Sur le jeûne

publicat in Homélies et sermons pe 6 Mars 2017, 20:59

Le jeûne est lié pour nous, comme il le fut pour Jésus, à la grande tentation, la tentation des derniers temps, antéchristique, aux jours où l’Époux nous sera enlevé1. Le jeûne signifie l’attente de l’Époux. Celui qui jeûne revêt le Christ humilié afin de pouvoir plus consciemment revêtir le Christ glorifié lorsque viendra la joie pascale, eucharistique, où s’anticipe la transfiguration ultime. Et cette joie reflue sur le jeûne, le Carême est un festin lumineux2. L’homme nourri de toute parole qui sort de la bouche de Dieu, retrouve par le jeûne une nourriture semblable à celle d’Adam au Paradis3. Le jeûne modifiant le rapport de l’homme à Dieu, modifie celui de l’âme et de corps, celui aussi de l’humanité avec le cosmos.

L’abstinence de la nourriture sanguine, de la chair des animaux à sang chaud, nous rappelle notre véritable vocation, qui est de vivifier la terre.

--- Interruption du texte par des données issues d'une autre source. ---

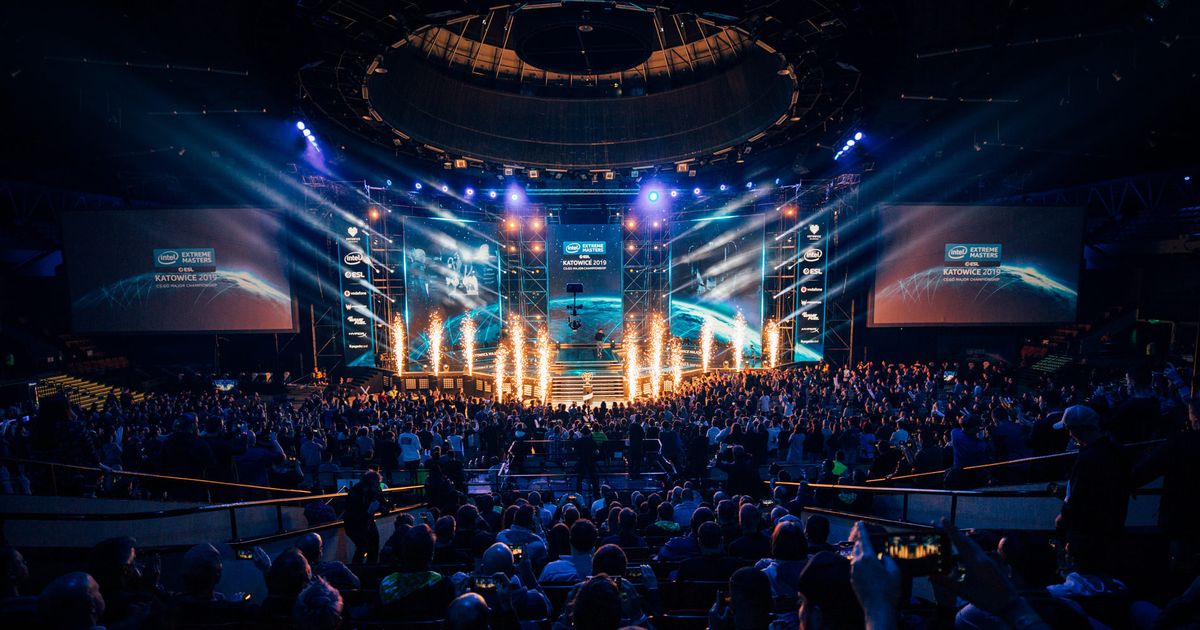 киберспортивная арена со сценой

Tuer tous les êtres vivants et surtout ceux dont la vie a atteint le plus de force et de tension – ce qui est le cas des animaux à sang chaud – est en contraste frappant avec cette vocation4. Le jeûne tend donc à rétablir l’ordre de nos relations avec la nature extérieure. Pour résumer ainsi le sens du jeûne physique : Ne nourris pas ta sensualité ; mets un terme à ces meurtres et suicides auxquels conduit inévitablement la recherche des jouissances sensibles ; purifie et régénère ton propre corps, pour te préparer à la transfiguration du corps universel5.

Par le jeûne, l’homme dépasse partiellement la dialectique du plaisir et de la douleur, de la faim et du rassasiement, il libère le désir du besoin enfermé dans ce monde, pour le transformer en désir de Dieu. Le jeûne met l’homme en état de vivre dans son être propre la faim profonde de toute la création, faim que l’Esprit seul peut rassasier. Car c’est l’Esprit qui confère toujours force et finalité au jeûne et à la prière, Lui qui les exauce l’un et l’autre, sans mesure, bien au-delà de tout besoin et de tout désir6.

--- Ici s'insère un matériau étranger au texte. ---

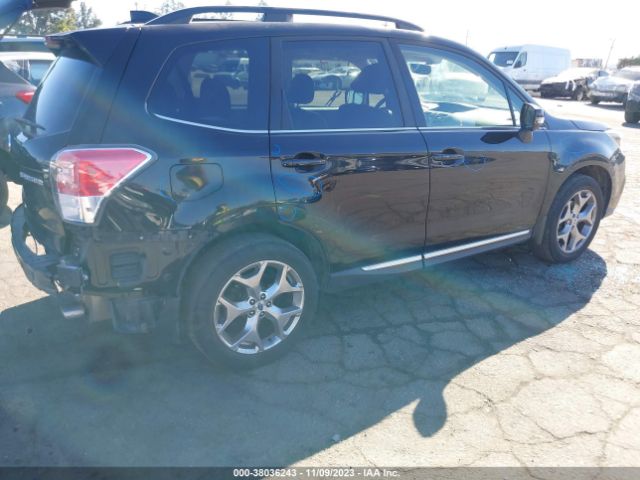 JF2SJAWC6JH565502 Subaru Forester 2.5i Touring
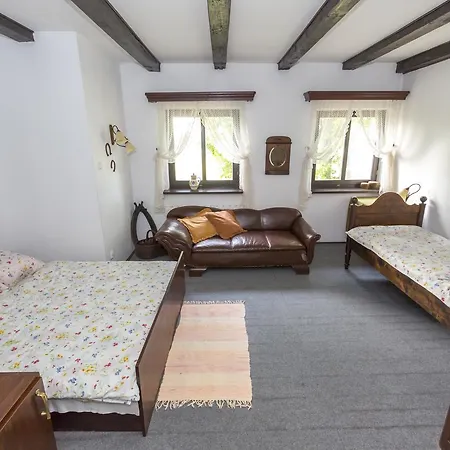 Alloggio per agriturismo Dwor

Olivier Clément, « Le Chant des larmes », Éditions DDB

Notes :

1. Cf. Mt 9, 14-15.
2. Mercredi de la 2e Semaine, 3e cathisme, 1 t.
3. Mardi de la 1re Semaine, 3e stichère des Vêpres.
4. Vladimir Soloviev, Les Fondements spirituels de la vie.
5. Ibid.
6. André Louf, Seigneur apprends-nous à prier.